Hacker News new | past | comments | ask | show | jobs | submit login
IPFS: The Permanent Web (sourcegraph.com)
313 points by _prometheus on July 22, 2014 | hide | past | web | favorite | 46 comments

So, a named-data networking https://en.wikipedia.org/wiki/Named_data_networking project.

> Named data networking (also content-centric networking, content-based networking, data-oriented networking or information-centric networking) is an alternative approach to the architecture of computer networks. Its founding principle is that a communication network should allow a user to focus on the data he or she needs, rather than having to reference a specific, physical location where that data is to be retrieved from.
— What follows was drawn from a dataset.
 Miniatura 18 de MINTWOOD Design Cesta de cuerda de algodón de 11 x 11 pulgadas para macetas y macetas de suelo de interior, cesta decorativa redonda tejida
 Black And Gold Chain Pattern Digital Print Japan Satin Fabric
This stems from the fact that the vast majority of current Internet usage (a "high 90% level of traffic") consists of data being disseminated from a source to a number of users.
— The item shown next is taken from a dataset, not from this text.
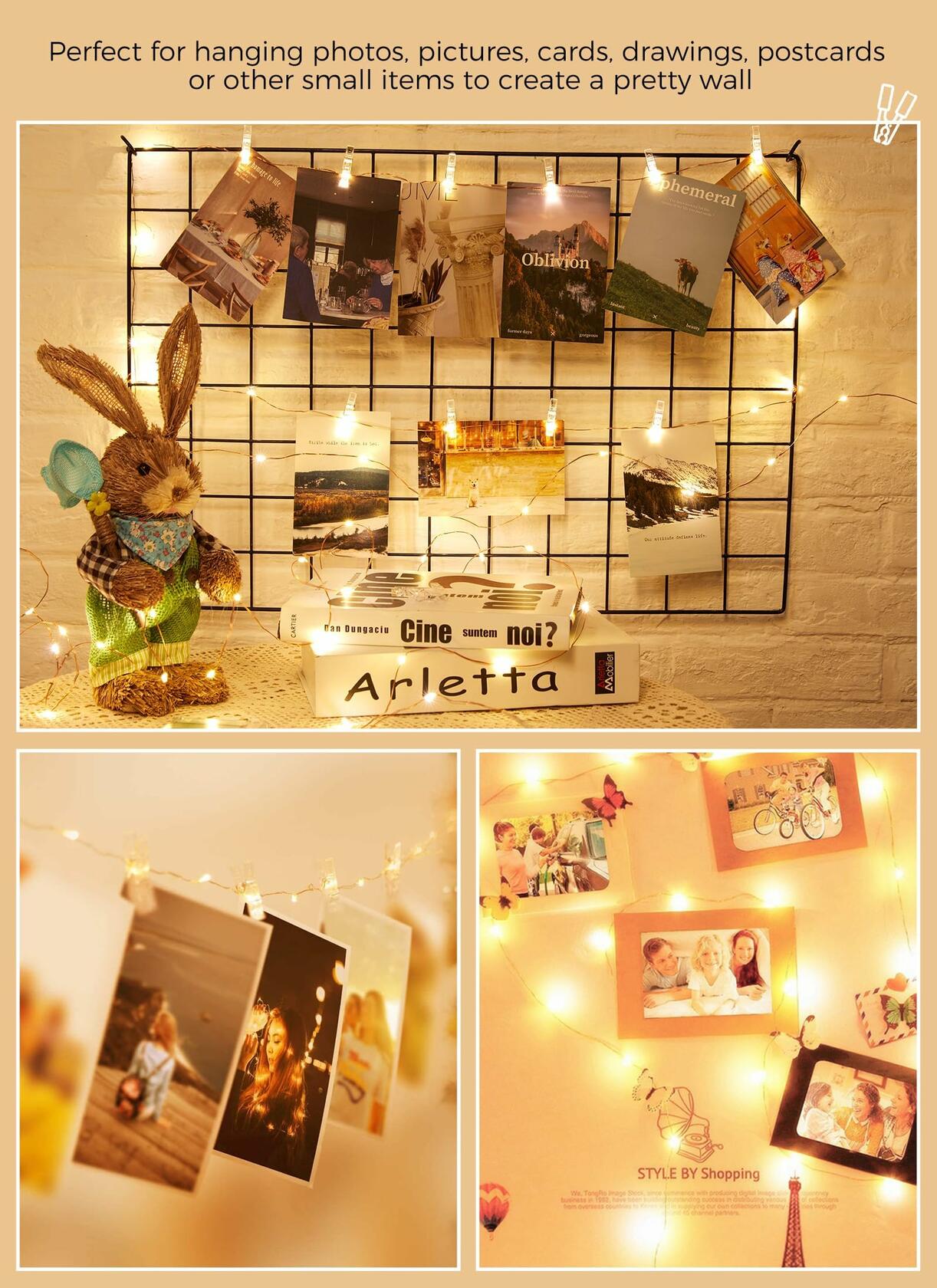 Fairy Lights with Clips 33ft 100LED Battery Operated String Lights Timer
(Another idea with a Ted Nelson pedigree, btw.) Van Jacobson's working on another, NSF-funded project in this area http://named-data.net/ at present.
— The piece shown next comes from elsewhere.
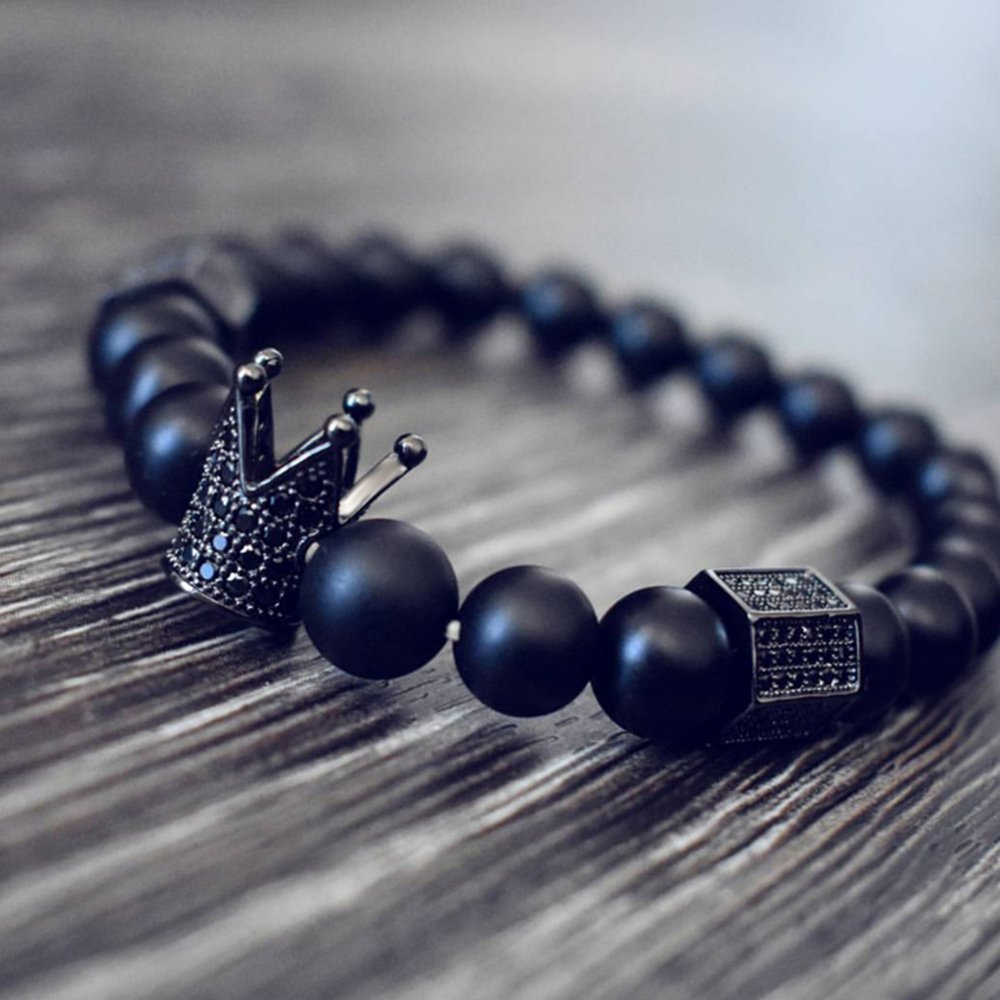 SEVENSTONE 8mm Crown King Charm Bracelet for Men Women Black Matte Onyx Stone Beads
Ted Nelson talks about this in this amazing and inspiring Google Talk video from 2006. He talks about the rise of packet-based networking, and how the future will be content-centric.


That's Van Jacobson, not Ted Nelson

Yeah, related! I haven't looked extensively into NDN, still need to sink into it, but good thing Van Jacobson's doing it! :)

Contrast points: IPFS is an implementation at the leaves of the network (rather than calling for routers to change initially), can be mounted as a filesystem, maps to the web (string paths as URLs), and provides a Merkle DAG data model.

I don't see how its fundamentally a different concept. Named-data networking is a loose category of proposals, doesn't necessarily need routers to change.

Obviously you can't tell that other guy what to do but if IPFS doesn't inform that other effort then I think they are going to be wasting time.

Anyway I hope you will very seriously look at the various different approaches to NDN (with several different names) as a loose category and consider attempting to recruit from or merge with or interface with other efforts (there are many similar systems) and possibly expanding the scope a little if necessary.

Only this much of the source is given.